The page I open to is 153. My eyes land on the 3rd paragraph. Here's what James Hillman writes:
###
"The ecological vision restores to environment also the classical idea of 'providentia'--that the world provides for us, looks out for us, even looks after us. It wants us around, too. Predators, tornadoes, and blackflies in June are only pieces of the picture. Just think of all that's delicious and sweet-smelling. Do birds sing but for each other? This breathable, edible, and pleasant planet, invisibly serviced and maintained, keeps us all by means of its life--support system. Such would be an idea of nurture that is truly nurturing.
"'Environment,' then, would be imagined well beyond social and economic conditions, beyond the entire cultural setting, to include every item that takes care of us every day: our tires and coffee cups and door handles and the book you are holding in your hands. It becomes impossible to exclude this bit of environment as irrelevant in favor of that bit as significant, as if we could rank world phenomena in order of importance. Important for whom? Our understanding of importance itself has to change; instead of 'important to me,' think of 'important to the aspects of the environment.' Does this item nurture what else is around, not merely us who are around? Does it contribute to the intentions of the field of which we are only one short-lived part?
"As notions of environment shift, we notice environment differently. It becomes more and more difficult to make a cut between psyche and world, subject and object, in here and out there. I can no longer be sure whether the psyche is in me or whether I am in the psyche as a I am in my dreams, as I am in the moods of the landscapes and the city streets, as I am in ,'music heard so deeply / That it is not heard at all, but you are the music / While the music lasts' (T. S. Eliot). Where does the environment stop and I begin, and can I begin at all without being in some place, deeply involved in, nurtured by the nature of the world?"
###
The world is alive, provides, and looks out for and after us. I needed that reminder this morning.
I hope you have a blessed Sunday!
5.4.25

Last night I wonder why there's balls of water on lupine leaves.
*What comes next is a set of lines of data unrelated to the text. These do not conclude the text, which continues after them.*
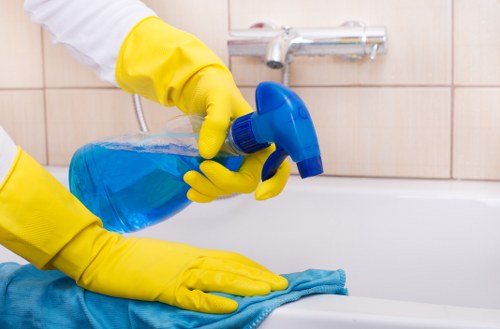 Cleaning a residential flat in Putney before key handover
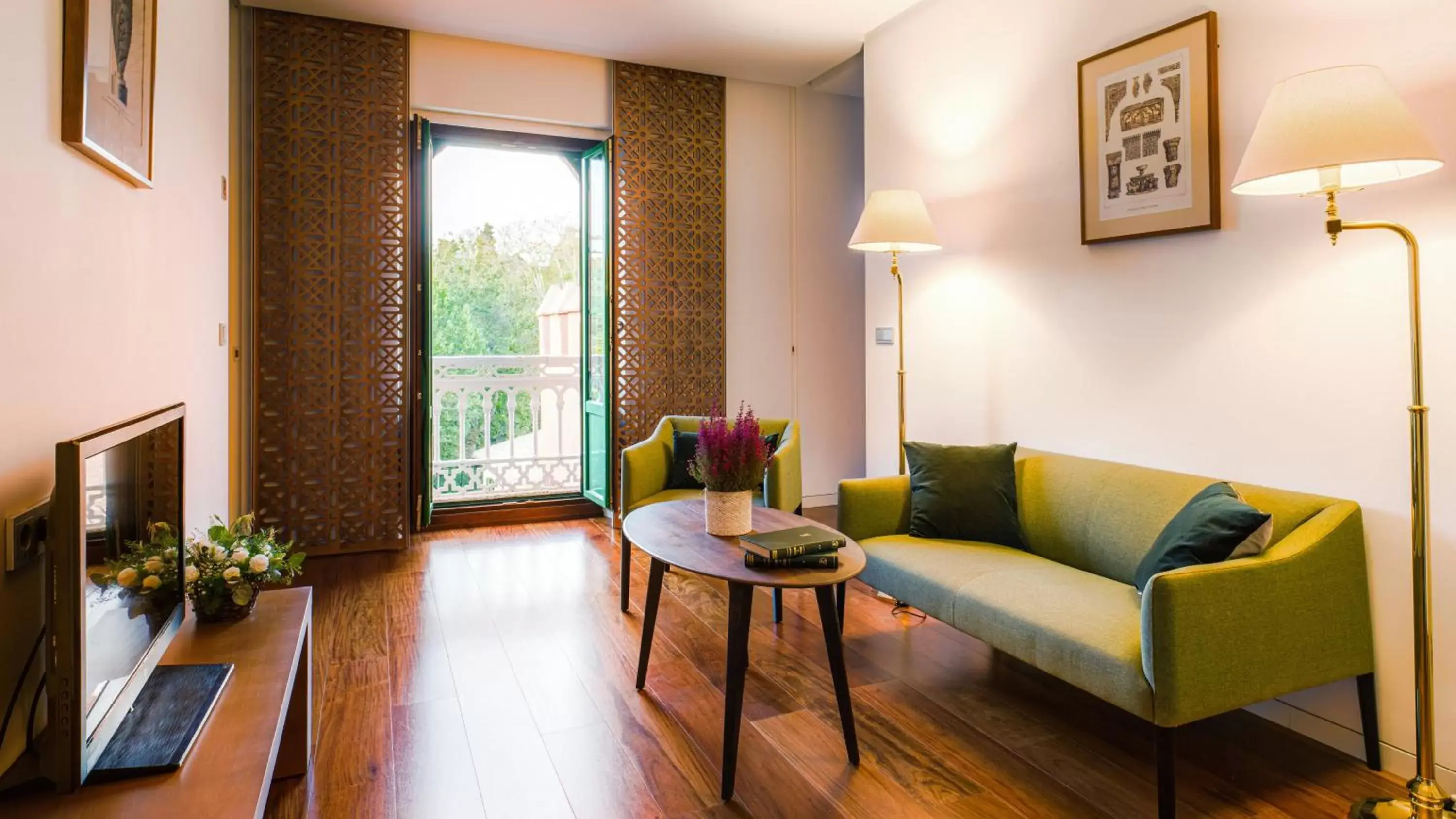 View (from property/room), Seating Area in Alhambra Palace Hotel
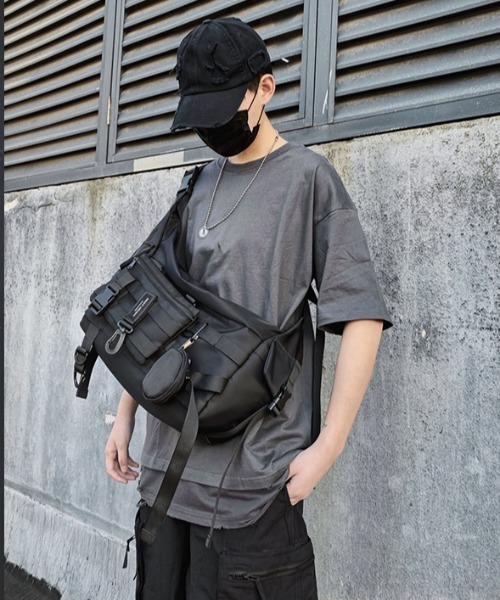 .KOM（ドットコム）の「A'GEM/9 × .kom『.kom/ドットケーオーエム』スモールバッグセット ショルダーバッグ（ショルダーバッグ・メンズ・ブラック/グレー・FREE）」の9枚目の写真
I think it's the little hairs that shape and hold it. Where it goes from there I don't know.
"Water is fluid, soft, and yielding. But water will wear away rock, which is rigid and cannot yield. As a rule, whatever is fluid, soft, and yielding will overcome whatever is rigid and hard. This is another paradox: what is soft is strong."
~ Lao Tzu
5.3.25

Only he who can take care of the property of others can have his own.
~ Gurdjieff
Wish I would've understood this 30 years ago! It's hard to get ahead when the government "taxes savers and subsidizes borrowers."
#Bitcoin

6:17 AM. Good morning. I was going to make this easy and just say good morning, but I keep thinking about an old, black and white documentary I listened to on the mail route yesterday.
It's title: The Myth of The Machine. It was about the philosopher Lewis Mumford and his critique of modern civilization.
My takeaway: There is a life giving force on earth. When we forget about it we become anxious and fear the future. This fear leads to control, and round and round we go.
So I think we need to understand the mechanisms that foster life before it's too late.
I'm off to the mail trail.
Fire 210
5.1.25

Last week I heard a great line by a Zen podcaster I listen to.
"We all get plowed into the earth."
Michael Meade, the mythologist, says we do two things together:
"Live and die."
Just what's on my mind this morning. Thought I'd share.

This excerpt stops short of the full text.